All of this is bringing up a question in my head, not to start another discussion or definitely not an argument but....

The power pole with the transformer on it has a copper plate on the base and a copper wire running up to the transformer which is the ground, from the triansformer triplex runs from the transformer to the meter, two hots and a neutral.

That meter in the main panel is then grounded similarly with about a 6 ft ground rod pounded into the ground. That is in fact how my entire house is grounded, built in 95 for what it's worth.

So now not to stir up controversy, just for my knowledge what is the difference between running two hots and a neutral from the main panel to a sub panel on the shop, via a circuit breaker, which also has a 6-ft ground rod pounded into the ground.

Obviously not an electrician and I don't want to be one!

It is nice to not go a day without learning something though.
There are no short answers to this complex topic. Recognize that the utility distribution system relies on a multi-grounded neutral. At the pole top transformers, ground rods are connected to the system neutral, and the primary and secondary neutrals are connected together.

Neutral conductors carry normal load current----- a full time job. The neutral is a grounded conductor.
Under normal operation, the neutral conductor can have a voltage drop across it and this gives rise to neutral to earth voltages.

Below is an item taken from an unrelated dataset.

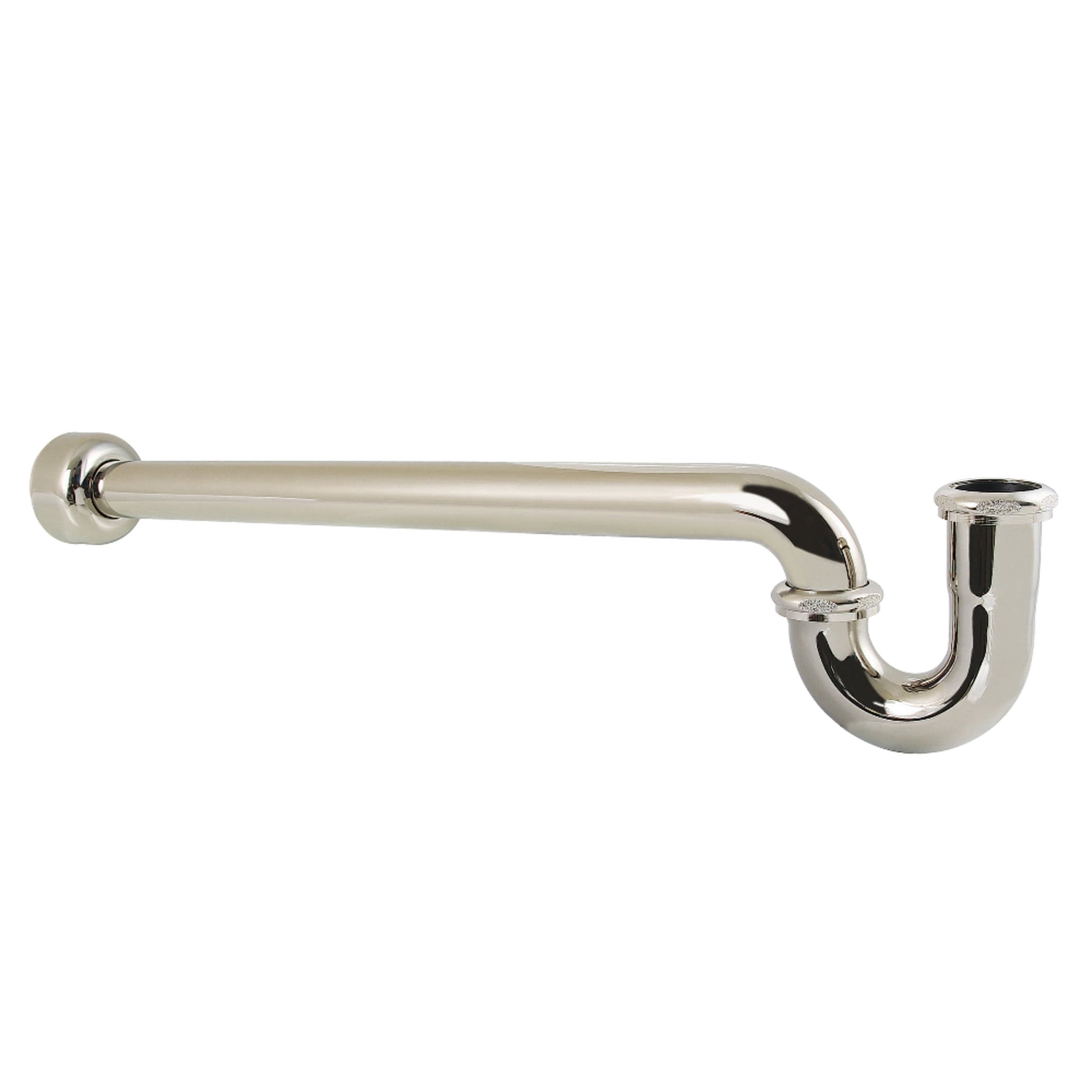 Kingston Brass CC9246 1-1/4" (or 1-1/2") x 1-1/2" P-Trap with Box Flange, 24" Length, 18 Gauge, Polished Nickel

Grounding conductors carry fault current --- during fault conditions. This is the EGC - equipment grounding conductor.
Under normal conditions there is no current in the EGC.
Under fault conditions, this provides a current path for the OCP - overcurrent protection ---- typically a breaker ---- to operate.

The current code would require your shop subpanel be connected to the main panel with a neutral conductor and a grounding conductor -EGC. And those two remain separated or isolated. So when your neutral conductor carries load current -- and a voltage drop across it -- that small voltage WILL NOT appear on the metal junctions boxes many of us have in our shops. Those boxes are connected to the EGC all the way back to the main panel.

The ground rods serve to equalize the local voltage of the utility distribution system with the voltage at the earth. What does that mean? Well the earth is not a perfect conductor. When there is a voltage drop across a neutral and it is connected to the ground rod at the main panel, the soil around the rod will have a small voltage present. This is called NEV or neutral to earth voltage. That voltage will dissipate as you move away from the ground rod. This limits the step potential that could cause a shock.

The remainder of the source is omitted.